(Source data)
* * * * * * * * *
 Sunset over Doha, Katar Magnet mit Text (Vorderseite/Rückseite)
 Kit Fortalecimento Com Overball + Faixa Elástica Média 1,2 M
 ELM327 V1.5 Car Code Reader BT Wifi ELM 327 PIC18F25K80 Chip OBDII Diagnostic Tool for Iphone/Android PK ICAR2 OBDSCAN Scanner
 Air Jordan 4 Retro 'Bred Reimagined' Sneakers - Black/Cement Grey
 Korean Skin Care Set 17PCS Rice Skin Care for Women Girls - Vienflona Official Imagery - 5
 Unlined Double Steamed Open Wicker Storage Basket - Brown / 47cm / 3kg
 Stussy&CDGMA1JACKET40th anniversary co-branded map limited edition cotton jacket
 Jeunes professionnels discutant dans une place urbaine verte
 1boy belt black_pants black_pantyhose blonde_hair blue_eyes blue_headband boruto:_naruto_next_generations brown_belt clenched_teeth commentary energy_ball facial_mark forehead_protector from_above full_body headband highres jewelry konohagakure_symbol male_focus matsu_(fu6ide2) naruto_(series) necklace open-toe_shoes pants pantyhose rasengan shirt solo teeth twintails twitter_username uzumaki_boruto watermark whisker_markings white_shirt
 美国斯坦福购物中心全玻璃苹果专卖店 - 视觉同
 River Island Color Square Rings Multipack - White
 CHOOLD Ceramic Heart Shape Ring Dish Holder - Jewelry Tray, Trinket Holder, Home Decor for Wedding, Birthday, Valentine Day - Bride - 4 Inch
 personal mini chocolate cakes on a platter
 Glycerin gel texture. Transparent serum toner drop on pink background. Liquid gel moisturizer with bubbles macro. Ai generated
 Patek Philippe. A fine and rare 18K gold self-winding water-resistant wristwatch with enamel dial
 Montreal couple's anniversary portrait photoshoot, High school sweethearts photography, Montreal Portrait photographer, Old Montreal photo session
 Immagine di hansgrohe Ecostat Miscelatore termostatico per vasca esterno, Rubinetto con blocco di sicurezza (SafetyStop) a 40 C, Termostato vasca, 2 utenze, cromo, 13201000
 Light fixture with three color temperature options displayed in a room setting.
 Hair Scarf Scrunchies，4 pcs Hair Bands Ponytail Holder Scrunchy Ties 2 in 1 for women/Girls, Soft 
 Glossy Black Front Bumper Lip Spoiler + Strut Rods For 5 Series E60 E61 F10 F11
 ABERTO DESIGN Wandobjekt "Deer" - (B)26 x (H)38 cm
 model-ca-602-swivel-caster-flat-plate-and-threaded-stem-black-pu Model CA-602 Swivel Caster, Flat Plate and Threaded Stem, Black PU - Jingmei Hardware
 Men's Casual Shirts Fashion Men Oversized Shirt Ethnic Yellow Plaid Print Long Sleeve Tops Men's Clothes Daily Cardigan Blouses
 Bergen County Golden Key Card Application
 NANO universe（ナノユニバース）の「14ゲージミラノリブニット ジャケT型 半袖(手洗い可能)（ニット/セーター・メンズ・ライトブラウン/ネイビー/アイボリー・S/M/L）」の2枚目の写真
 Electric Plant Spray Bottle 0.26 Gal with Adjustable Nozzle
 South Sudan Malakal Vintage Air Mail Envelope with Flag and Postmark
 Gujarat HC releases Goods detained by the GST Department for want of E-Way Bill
* * * * * * * * *
» **Task to carry out**
The expected output is an exact copy of all the records above.

» **Exercise solution**
 Sunset over Doha, Katar Magnet mit Text (Vorderseite/Rückseite)
 Kit Fortalecimento Com Overball + Faixa Elástica Média 1,2 M
 ELM327 V1.5 Car Code Reader BT Wifi ELM 327 PIC18F25K80 Chip OBDII Diagnostic Tool for Iphone/Android PK ICAR2 OBDSCAN Scanner
 Air Jordan 4 Retro 'Bred Reimagined' Sneakers - Black/Cement Grey
 Korean Skin Care Set 17PCS Rice Skin Care for Women Girls - Vienflona Official Imagery - 5
 Unlined Double Steamed Open Wicker Storage Basket - Brown / 47cm / 3kg
 Stussy&CDGMA1JACKET40th anniversary co-branded map limited edition cotton jacket
 Jeunes professionnels discutant dans une place urbaine verte
 1boy belt black_pants black_pantyhose blonde_hair blue_eyes blue_headband boruto:_naruto_next_generations brown_belt clenched_teeth commentary energy_ball facial_mark forehead_protector from_above full_body headband highres jewelry konohagakure_symbol male_focus matsu_(fu6ide2) naruto_(series) necklace open-toe_shoes pants pantyhose rasengan shirt solo teeth twintails twitter_username uzumaki_boruto watermark whisker_markings white_shirt
 美国斯坦福购物中心全玻璃苹果专卖店 - 视觉同
 River Island Color Square Rings Multipack - White
 CHOOLD Ceramic Heart Shape Ring Dish Holder - Jewelry Tray, Trinket Holder, Home Decor for Wedding, Birthday, Valentine Day - Bride - 4 Inch
 personal mini chocolate cakes on a platter
 Glycerin gel texture. Transparent serum toner drop on pink background. Liquid gel moisturizer with bubbles macro. Ai generated
 Patek Philippe. A fine and rare 18K gold self-winding water-resistant wristwatch with enamel dial
 Montreal couple's anniversary portrait photoshoot, High school sweethearts photography, Montreal Portrait photographer, Old Montreal photo session
 Immagine di hansgrohe Ecostat Miscelatore termostatico per vasca esterno, Rubinetto con blocco di sicurezza (SafetyStop) a 40 C, Termostato vasca, 2 utenze, cromo, 13201000
 Light fixture with three color temperature options displayed in a room setting.
 Hair Scarf Scrunchies，4 pcs Hair Bands Ponytail Holder Scrunchy Ties 2 in 1 for women/Girls, Soft 
 Glossy Black Front Bumper Lip Spoiler + Strut Rods For 5 Series E60 E61 F10 F11
 ABERTO DESIGN Wandobjekt "Deer" - (B)26 x (H)38 cm
 model-ca-602-swivel-caster-flat-plate-and-threaded-stem-black-pu Model CA-602 Swivel Caster, Flat Plate and Threaded Stem, Black PU - Jingmei Hardware
 Men's Casual Shirts Fashion Men Oversized Shirt Ethnic Yellow Plaid Print Long Sleeve Tops Men's Clothes Daily Cardigan Blouses
 Bergen County Golden Key Card Application
 NANO universe（ナノユニバース）の「14ゲージミラノリブニット ジャケT型 半袖(手洗い可能)（ニット/セーター・メンズ・ライトブラウン/ネイビー/アイボリー・S/M/L）」の2枚目の写真
 Electric Plant Spray Bottle 0.26 Gal with Adjustable Nozzle
 South Sudan Malakal Vintage Air Mail Envelope with Flag and Postmark
 Gujarat HC releases Goods detained by the GST Department for want of E-Way Bill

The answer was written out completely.